From his childhood on, Kogan—known among Chabad Ḥasidim as the tsaddik (righteous man) of Leningrad—obtained a Jewish education and observed Jewish practices in defiance of the regime, and sometimes at great personal risk. Dovid Margolin writes:
As soon as Kogan began attending Soviet public school, his parents hired the first of a string of m’lamdim, Jewish religious teachers, to come to their home. . . . It was not only what the old men taught Kogan that he absorbed, but what they left unsaid. Each of them, without exception, had suffered for his beliefs at the hands of the Communist regime. [One] teacher, Rabbi Berel Medalia, was the son of Rabbi Shmarya Leib Medalia, a Lubavitcher Ḥasid who served as chief rabbi of Moscow before being arrested and executed by Stalin in 1938; three of Rabbi Shmarya Leib’s sons were likewise arrested. Berel Medalia served something like a decade in the Gulag system. . . . Despite everything, in addition to teaching children like the Kogans, over the years Medalia became a quiet Jewish influence on many young refuseniks.
As Kogan’s bar mitzvah approached in the summer of 1959, his mother feared the ceremony would summon unwanted interest from the authorities, and turned to the recently released [from imprisonment] Rabbi Moshe Mordechai Epstein for advice. Epstein instructed her to hold the bar mitzvah in a small summer vacation town outside Leningrad. “He also said that Papa shouldn’t be there,” Kogan explains. “Instead of my father, Rabbi Epstein made the Barukh she-p’tarani [the blessing a father recites at his sons’ bar mitzvah].”

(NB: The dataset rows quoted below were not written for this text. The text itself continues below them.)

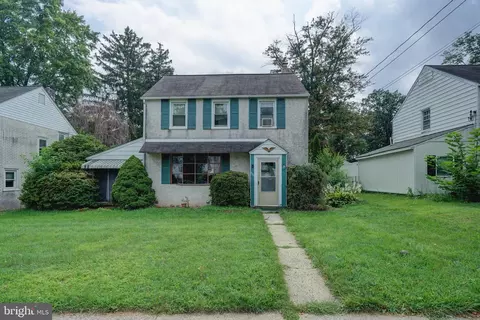 220 S Wayne Ave, Hatfield, PA 19440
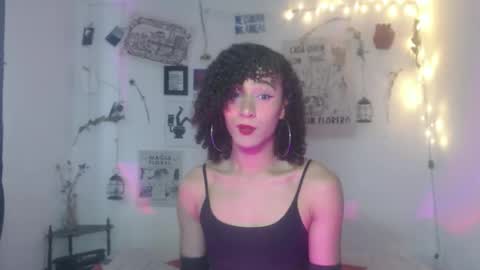 Snapshot of ellis_flowers chatting on September 18, 2025, 6:32 pm . online show from September 18, 2025, 6:32 pm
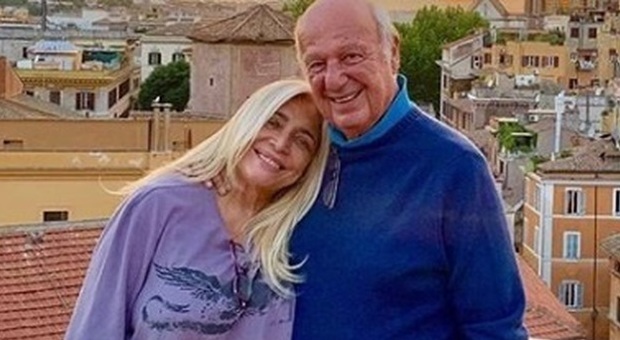 Mara Venier, gli auguri di compleanno del marito Nicola Carraro arrivano su Instagram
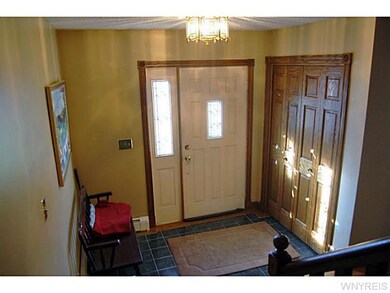 878 Ohio St, North Tonawanda, NY 14120 - photo 2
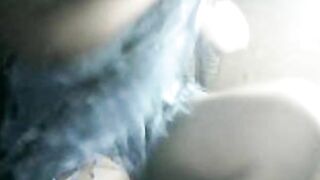 Old Asian Granny Shows Off on Cam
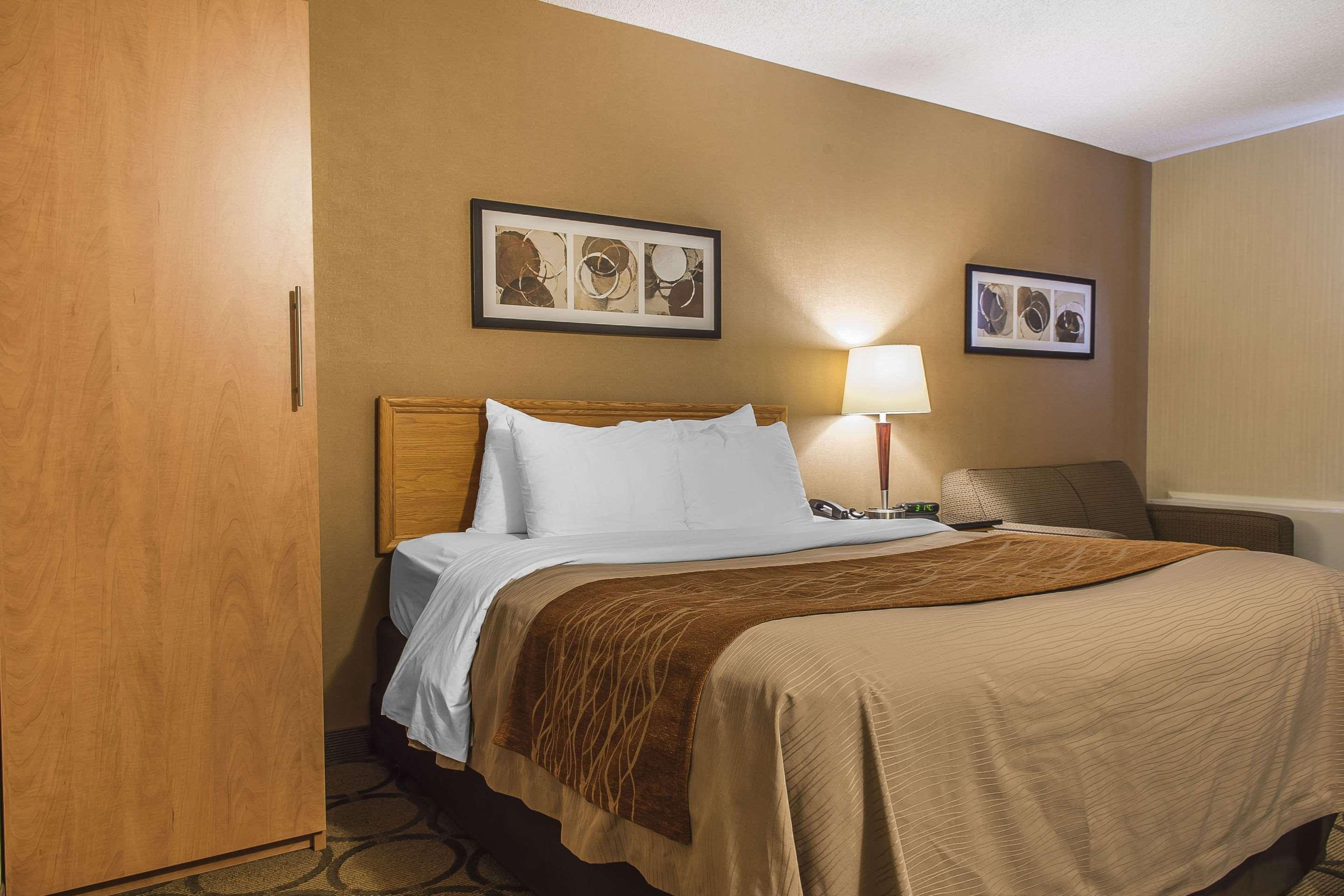 Comfort Inn Sept-Îles Kültér fotó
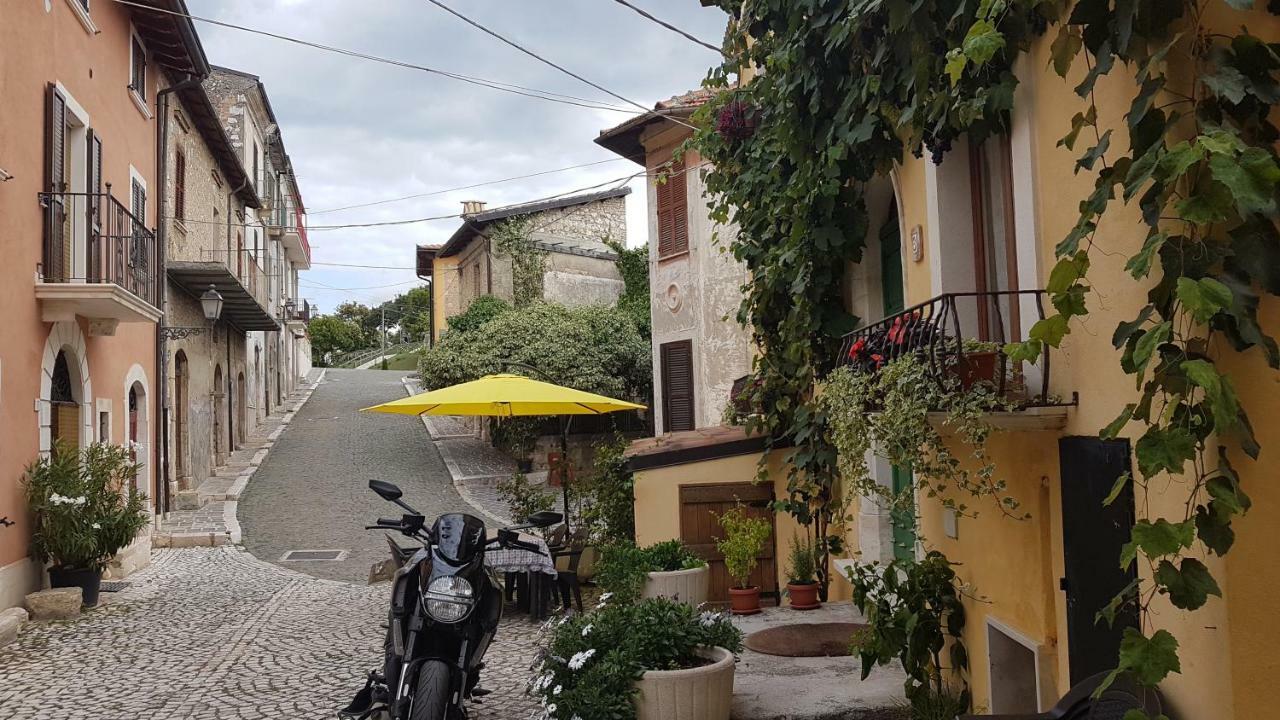 Scaccia Pensieri Villa Cerchio Bagian luar foto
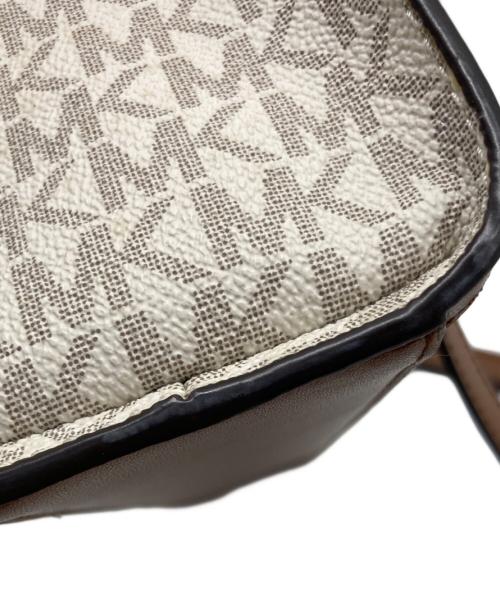 MICHAEL KORS（マイケル・コース）MICHAEL KORS (マイケル・コース) GABBY スモール サッチェル アイボリー×ブラウンの古着・服飾アイテム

Kogan would later train to be a ritual slaughterer, in order to provide Leningrad’s Jews with kosher meat, and served as a sort of unofficial rabbi for his fellow refuseniks:
Among the many young Jewish refuseniks who credit the Kogans’ assistance on their path to Judaism were Lev and Marina Furman, who first connected with them in 1974. They would recall joining about 50 others at the Kogans’ apartment for their first kosher Passover seder. Other communal activities at the Kogan home included Hebrew and Jewish study circles and Purim shpils.